日本のホラー映画を観てきた。島内でもかなり多くのスクリーンで上映されていて、私が行った映画館も満員だった。英語と中国語の二つの字幕が付いての上映である。
「リング」のヒット以降、アジアの映画界ではホラーが重要な分野となったようで、タイ、香港、韓国などの作品が、間断無く封切られている。タイのホラー映画などは、新聞にどぎつい死体写真を載せるお国柄だけに、きっと、相当怖いのではないか、と思うのだが、スプラッタ描写はあまり好きじゃないし、聞き取れない外国語映画を、英語字幕を睨みながら鑑賞するのは疲れるので、ほとんど観ていない。しかし、この作品は、ハリウッドでのリメイクが決定したという高評価の日本映画だし、プロデューサーの一瀬隆重氏を応援したい個人的事情もあり、WWWでボタンをボチッとな(インターネットを通じて、映画館の座席予約ができるのである)
いやぁ、ほんと、怖かった。

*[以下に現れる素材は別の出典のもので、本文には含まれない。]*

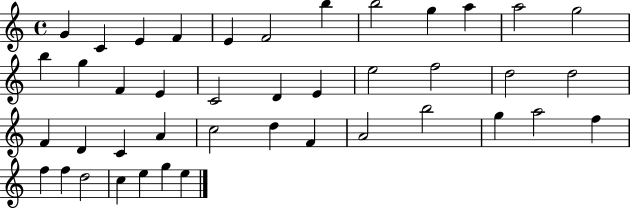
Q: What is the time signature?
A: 4/4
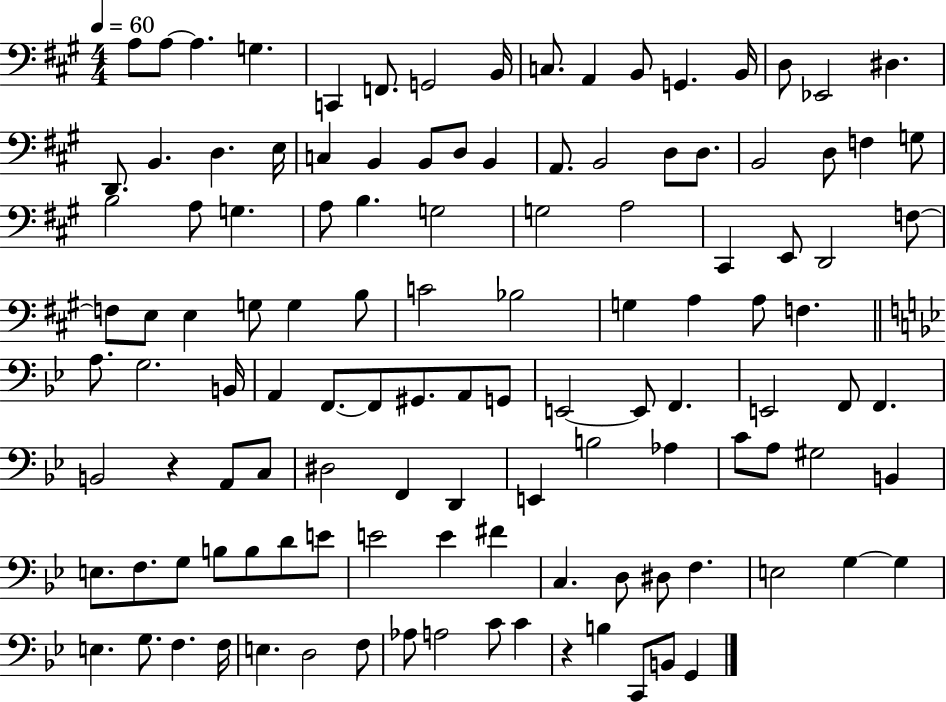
X:1
T:Untitled
M:4/4
L:1/4
K:A
A,/2 A,/2 A, G, C,, F,,/2 G,,2 B,,/4 C,/2 A,, B,,/2 G,, B,,/4 D,/2 _E,,2 ^D, D,,/2 B,, D, E,/4 C, B,, B,,/2 D,/2 B,, A,,/2 B,,2 D,/2 D,/2 B,,2 D,/2 F, G,/2 B,2 A,/2 G, A,/2 B, G,2 G,2 A,2 ^C,, E,,/2 D,,2 F,/2 F,/2 E,/2 E, G,/2 G, B,/2 C2 _B,2 G, A, A,/2 F, A,/2 G,2 B,,/4 A,, F,,/2 F,,/2 ^G,,/2 A,,/2 G,,/2 E,,2 E,,/2 F,, E,,2 F,,/2 F,, B,,2 z A,,/2 C,/2 ^D,2 F,, D,, E,, B,2 _A, C/2 A,/2 ^G,2 B,, E,/2 F,/2 G,/2 B,/2 B,/2 D/2 E/2 E2 E ^F C, D,/2 ^D,/2 F, E,2 G, G, E, G,/2 F, F,/4 E, D,2 F,/2 _A,/2 A,2 C/2 C z B, C,,/2 B,,/2 G,,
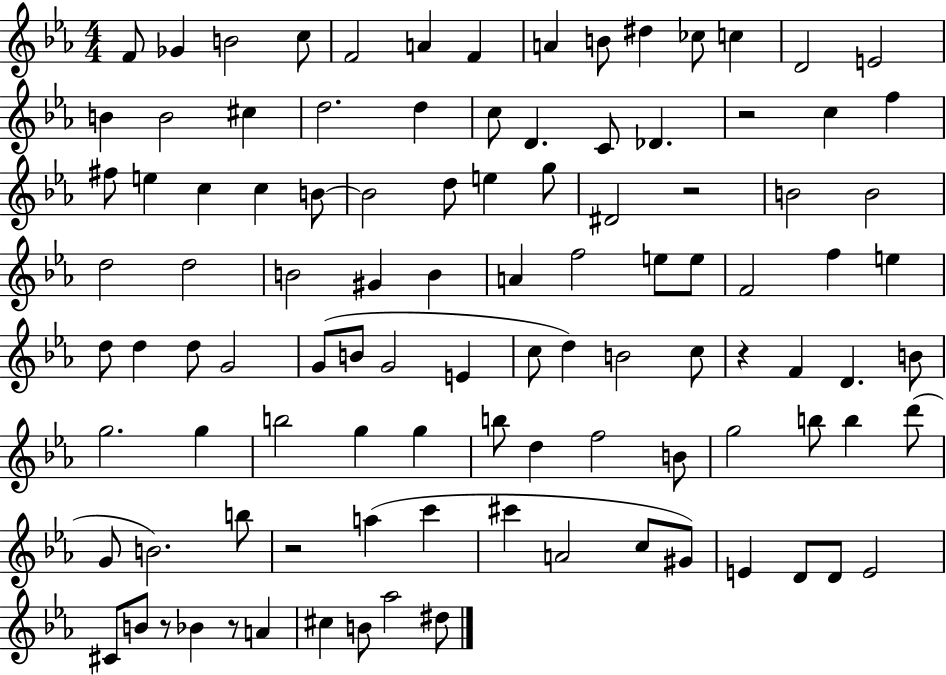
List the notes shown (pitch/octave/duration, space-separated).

F4/e Gb4/q B4/h C5/e F4/h A4/q F4/q A4/q B4/e D#5/q CES5/e C5/q D4/h E4/h B4/q B4/h C#5/q D5/h. D5/q C5/e D4/q. C4/e Db4/q. R/h C5/q F5/q F#5/e E5/q C5/q C5/q B4/e B4/h D5/e E5/q G5/e D#4/h R/h B4/h B4/h D5/h D5/h B4/h G#4/q B4/q A4/q F5/h E5/e E5/e F4/h F5/q E5/q D5/e D5/q D5/e G4/h G4/e B4/e G4/h E4/q C5/e D5/q B4/h C5/e R/q F4/q D4/q. B4/e G5/h. G5/q B5/h G5/q G5/q B5/e D5/q F5/h B4/e G5/h B5/e B5/q D6/e G4/e B4/h. B5/e R/h A5/q C6/q C#6/q A4/h C5/e G#4/e E4/q D4/e D4/e E4/h C#4/e B4/e R/e Bb4/q R/e A4/q C#5/q B4/e Ab5/h D#5/e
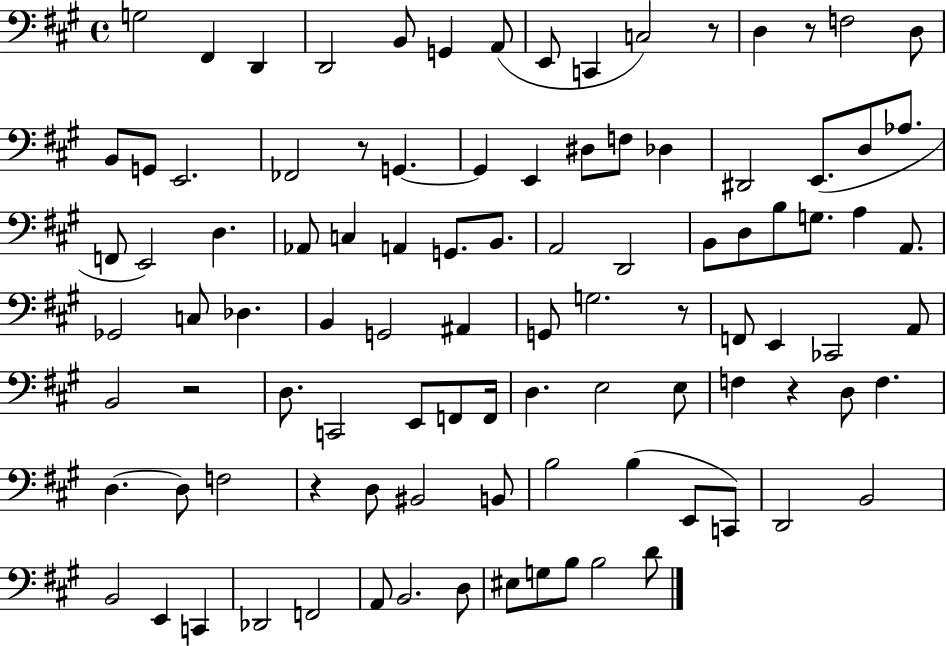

ただ、映画としては、どうなんだろ? 観客を怖がらせることだけに全力集中しているというか、怖いシーンをつなぎ合わせただけというか。このように、ひたすら恐怖の連鎖を描いていくだけというのも「有り」だとは思うが、私としては、感情移入できる主人公がストーリーを引っ張っていき、相応のオチがある「物語」の方が好きである。それにしても、ホラー映画の悪役というのは、大概、理不尽な奴と相場が決まっているが、この映画の幽霊(というか、怨念というか)は、あまりにも迷惑な存在だ。
シンガポール人の反応は上々。場内に何度も悲鳴と笑い声が響き渡った。いや、笑いを誘う面白いシーンなど無いのだが、どうも、観客というのは、怖いシーンで息をのむと、その反動か、照れ隠しなのか、直後に笑い声をあげるらしい。